Caetano Veloso e Chico Buarque, que compartilham do mesmo comportamento ao não seguirem religiosamente uma crença, falam da fé que enxergam em Bethânia. Caetano, sobre os seus passos dentro da religião e a vivência familiar totalmente imersa entre o candomblé e o catolicismo. O irmão, mestre do barco, conduz uma parte do documentário de forma emocionante. Canções também marcam o roteiro do filme, que passa do Rio para Santo Amaro em cortes cronológicos. A mescla entre as festas reservadas por Bethânia, do carnaval e de Nossa Senhora da Purifiação unem o samba dos atabaques, a palavras dos ogãs, aos tambores rufados e o canto dos sambistas cariocas. Da terra de dona Edith do Prato e do olhar astuto de Mãe Menininha do Gantois, para o calor escaldante do Rio de Janeiro que passa pelo meio das agulhas que alinhavam os adereços de alegorias e fantasias.
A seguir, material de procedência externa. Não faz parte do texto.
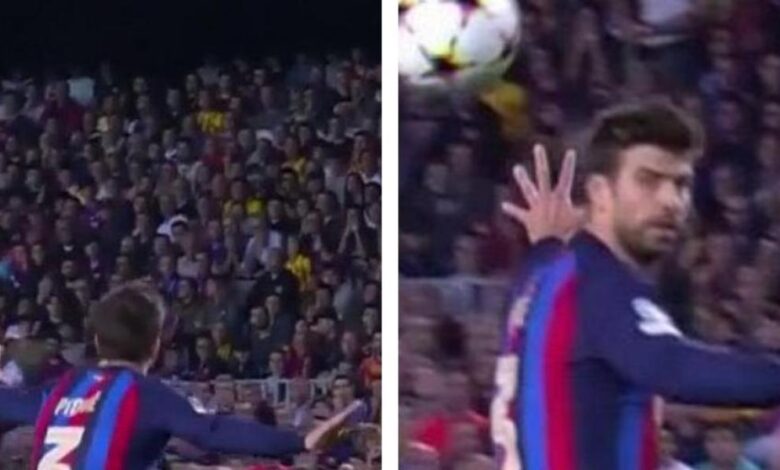 Piqué y Busquets, señalados otra vez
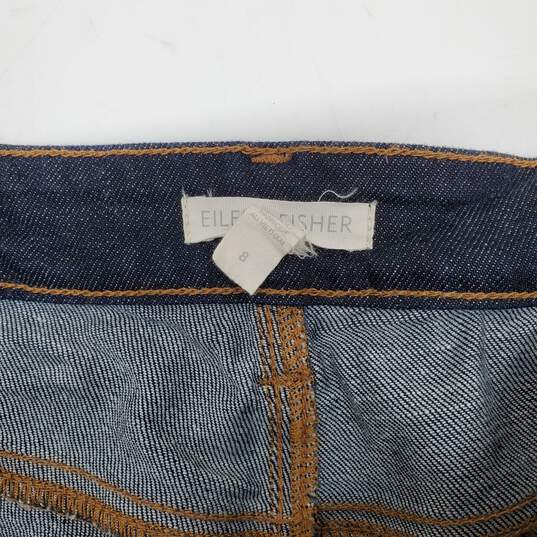 Eileen Fisher Denim Jeans Women's Size 8 image number 3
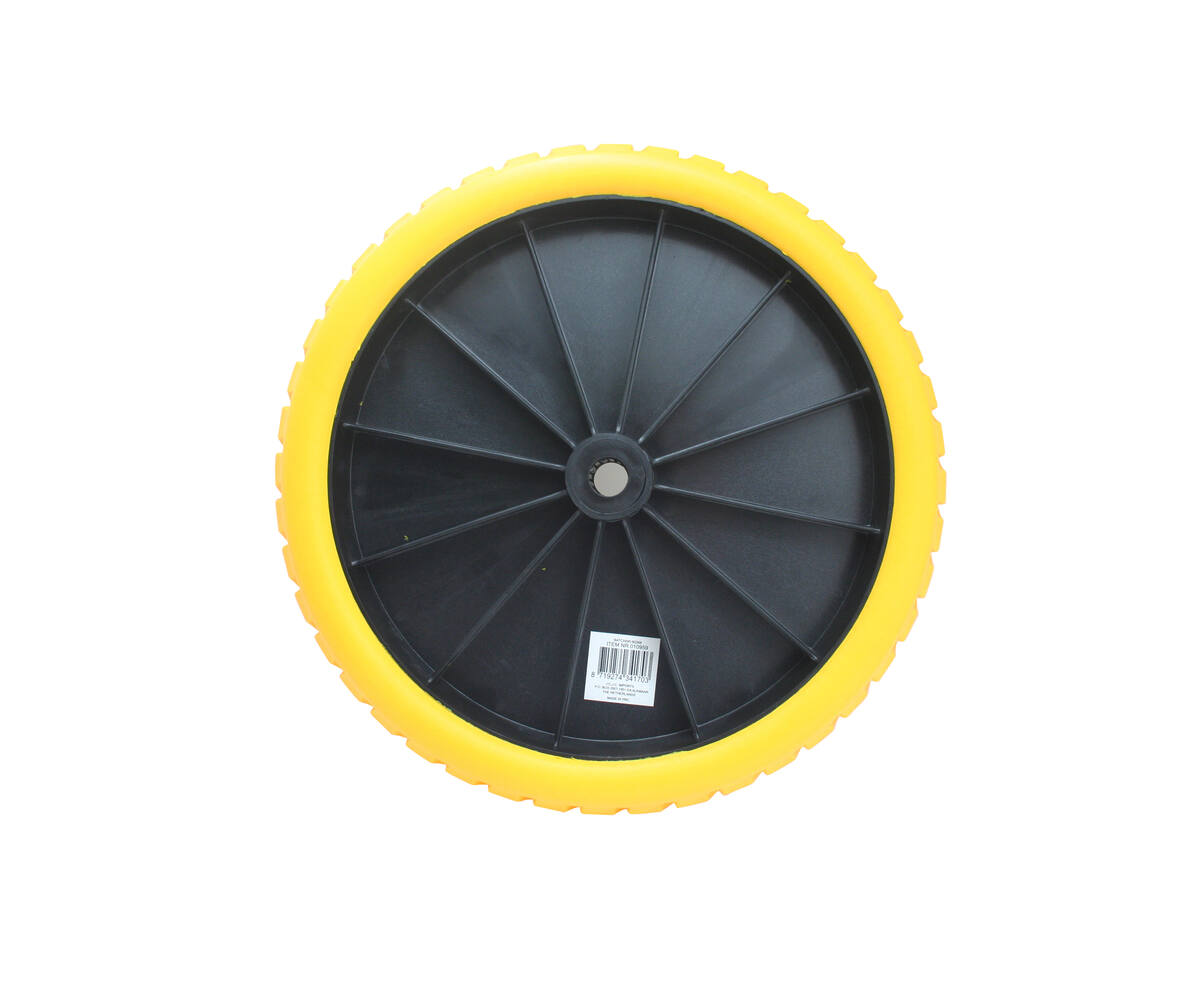 Kruiwagenwiel ø380 mm PU, 4.00-8", anti-lek, ideaal voor tuinwerk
Das colagens, pinturas e o sentido do samba dentro dos barracões.
A festa dos morros, das comunidades, a vez de serem notados e de sua cultura brilhando na avenida. O dia em que as comunidades brilham e são o show. Maria Bethânia encabeça, junto a toda a Mangueira, a escola na Praça da Apoteose. Mangueira é campeã em 2016 com o enredo “A Menina dos Olhos de Oyá”.
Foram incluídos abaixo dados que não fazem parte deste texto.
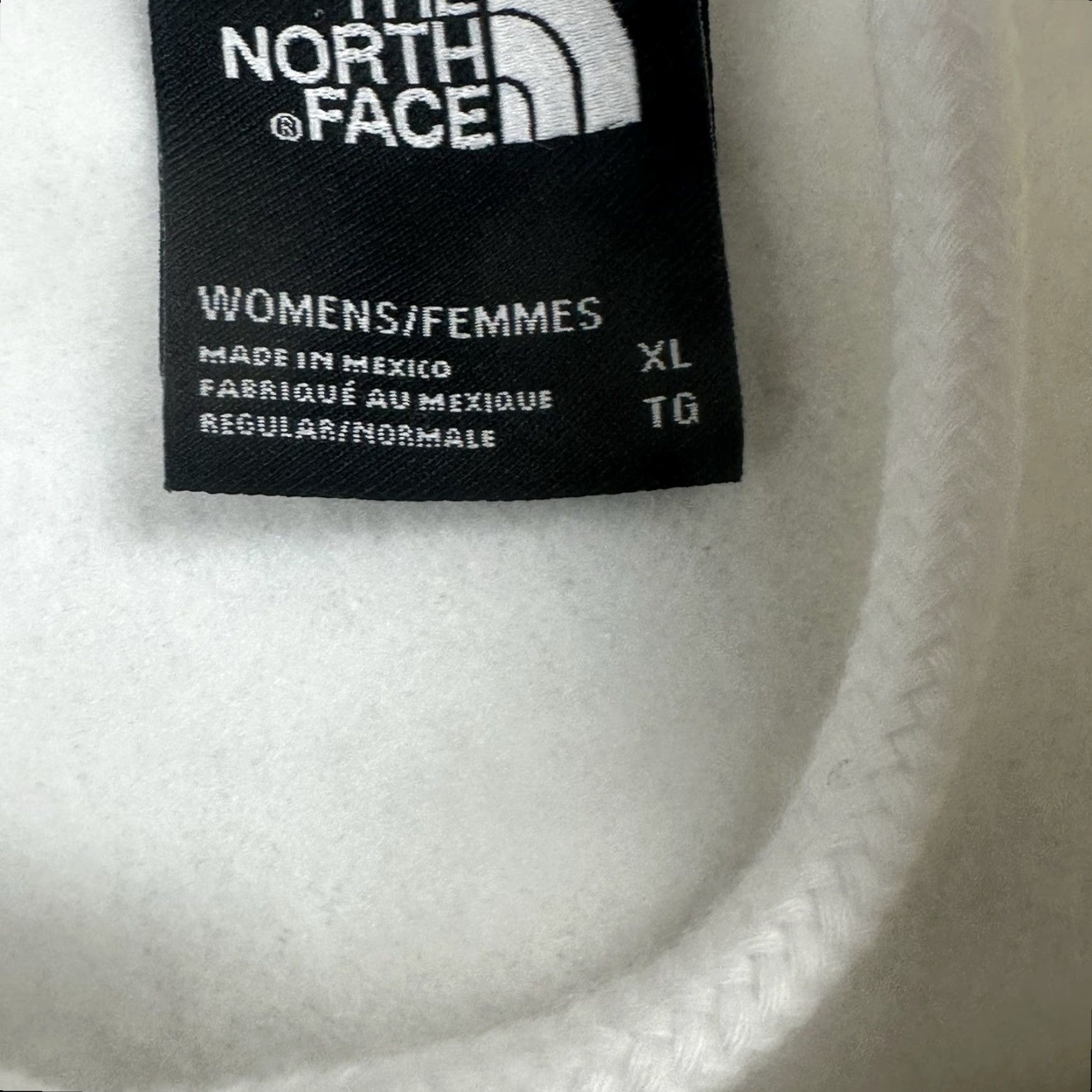 The North Face The North Face Hoodie Sweatshirt Womens XL White Adult Regular Hooded Pullover Fleece Logo Embroidered Pockets Size XL / US 12-14 / IT 48-50 - 4 Thumbnail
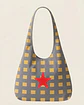Bianca bag | Quadrados | Cinza amarelo - Thumbnail 1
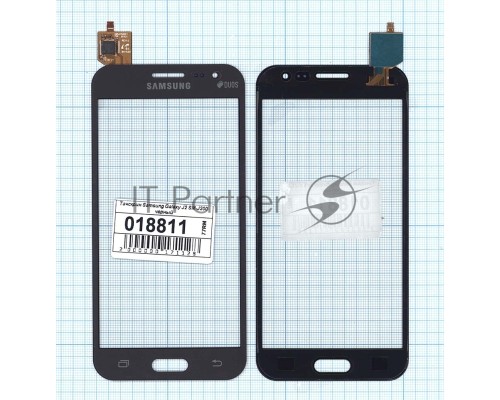 Сенсорное стекло (тачскрин) для Samsung Galaxy J2 SM-J200, черное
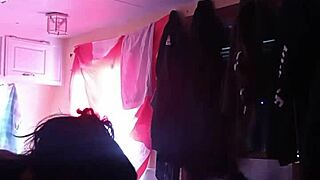 She casually sucks a deep load of cum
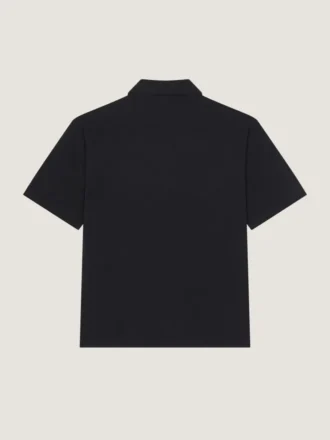 Camicia decorata in maglia di cotone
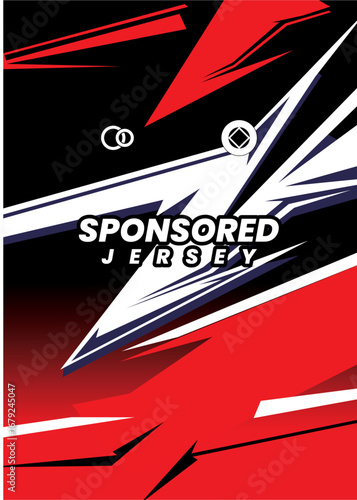 Abstract background for sports jersey pattern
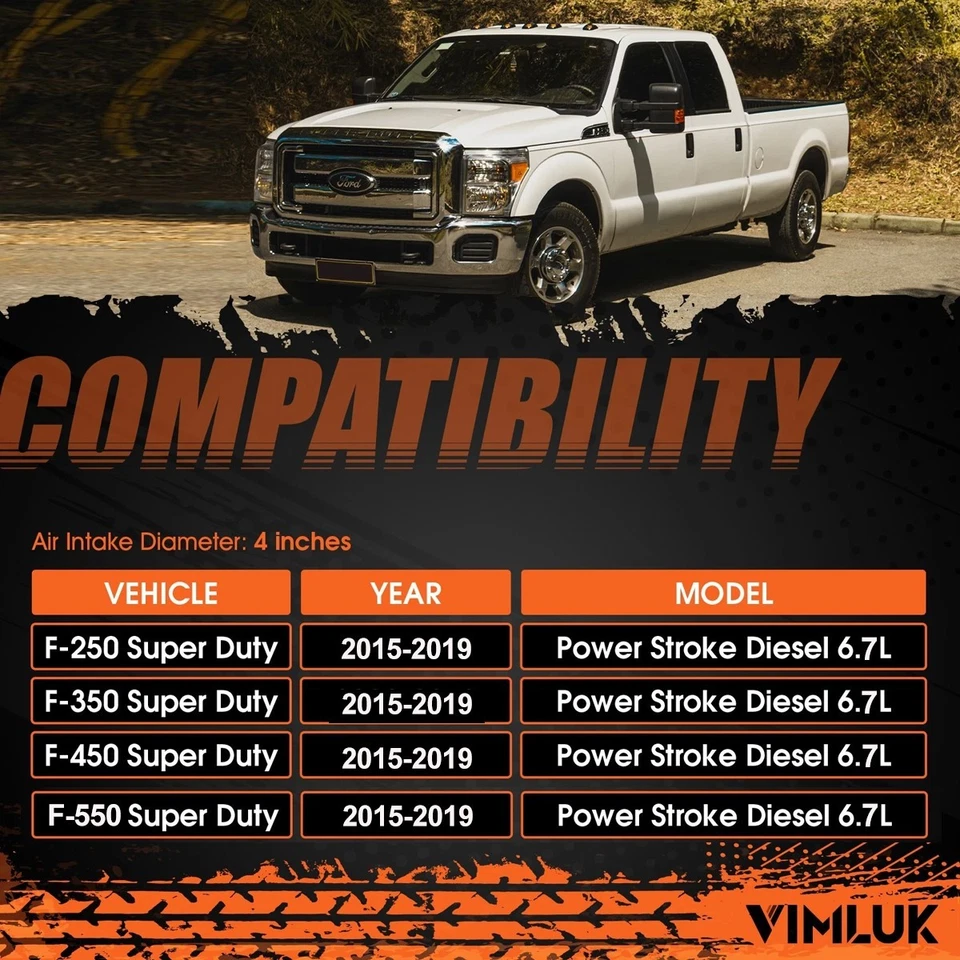 2015-2019 Ford F250 F350 F450 F550 6.7L Powerstroke Diesel Turbo Exhaust Pipe Foto 2 de 4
Em Santo Amaro, carregando a santa, ornamentando sua charola e de cabeça feita para o candomblé e os pés fincados na casa da mãe e de Jesus Cristo. “Fevereiros” é uma vela acesa para todos os santos, em todos os altares e congás, de qualquer religião. Perfeito para um tempo de intolerância e desapego familiar. É a mamada no seio de uma mãe e de mãos dadas ao irmão. De olhos atentos à devoção e emprestando o corpo como som de tambor! “Fevereiros” tem cheiro, de alfazema, de vela queimando, e voz de gente entrando em casa, de porta ruindo no vento. Tem clima de gente sentada na porta, de sol queimando na escadaria, de chuva levando água e correnteza para o rio.
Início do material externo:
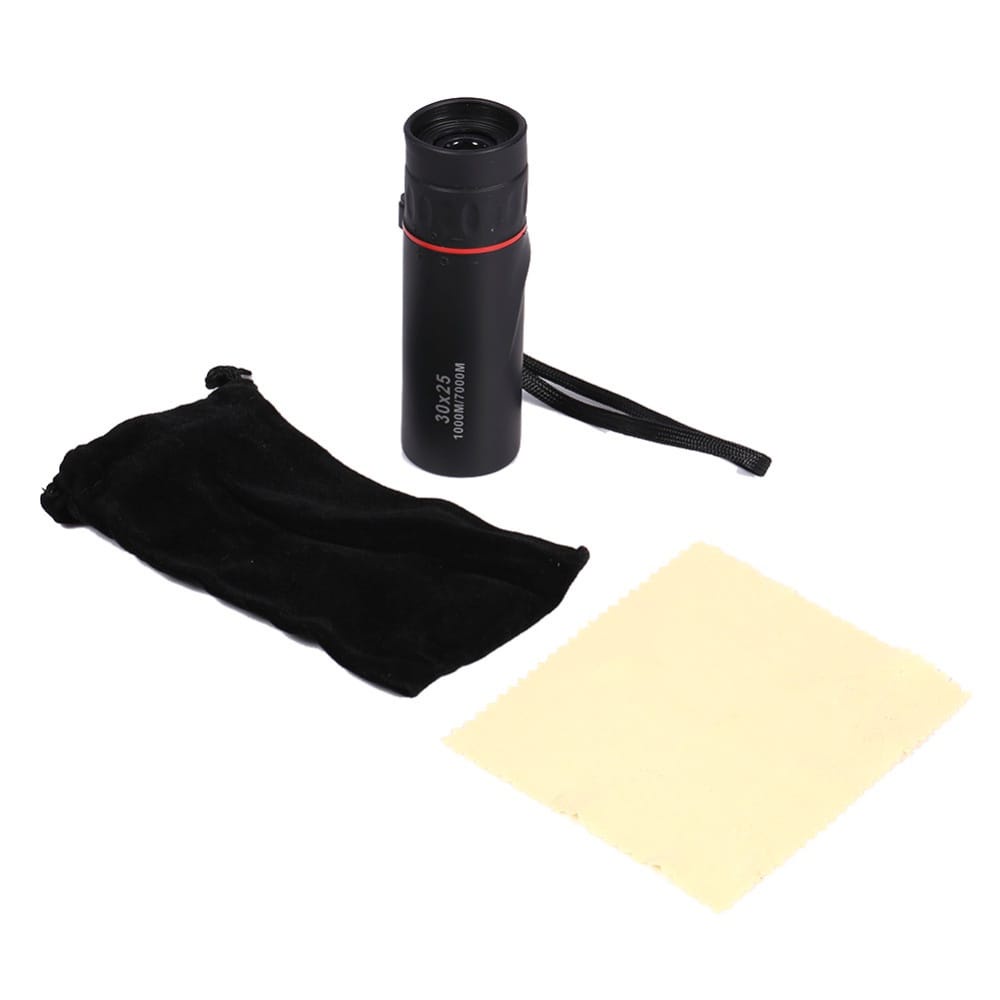 Teropong single 30x25 monocular 30x25 optical night vision waterproof focus telescope zoomable 10x scope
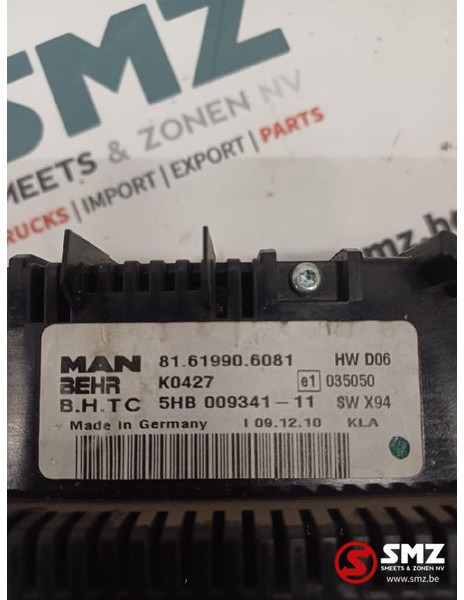 MAN Occ airconditioningsbedieningspaneel MAN - Кабина и интерьер для Грузовиков: фото 3 MAN Occ airconditioningsbedieningspaneel MAN - Кабина и интерьер для Грузовиков: фото 3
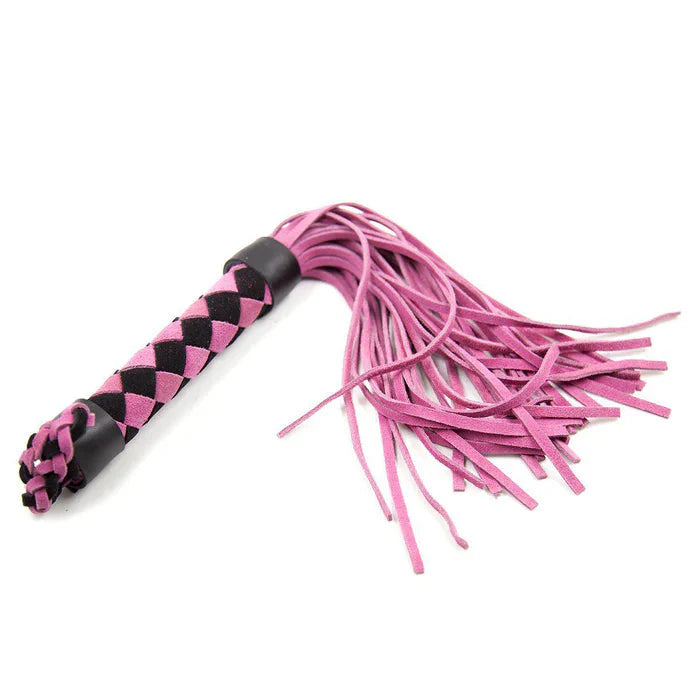Genuine Leather 15" Flogger-Pink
Estive em Santo Amaro, numa festa linda na casa de Dona Canô. Quando de portas abertas iam entrando e saindo pessoas, que cantavam, cumprimentavam e presenteavam a ilustre filha desse recôncavo. Em suas mãos ficou um buquê de rosas que entreguei e pelas calçadas espalhavam-se pessoas para cumprimentar Canô. Nessa Santo Amaro é que voltei assistindo emocionado “Fevereiros”.
Não há Dona Canô, aliás, arrisco dizer ser este o primeiro documentário em que Bethânia empresta sua história na ausência da mãe. Mas, há toda a junção de Canô na participação dos filhos, na doçura de Mabel Veloso, de Irene Veloso, de Rodrigo… do povo santamarense.
Fiquei mesmo emocionado com “Fevereiros”, mesmo com todo o samba, há lágrima dentro da espalmada no atabaque e na puxada do sino que anuncia o tempo da igreja. É de um contentamento que só assistindo é possível entender. O documentário, que conta sobre essas religiões e sobre os preparativos para o carnaval da Mangueira, que homenageou Maria Bethânia, está em cartaz nos cinemas pelo Brasil.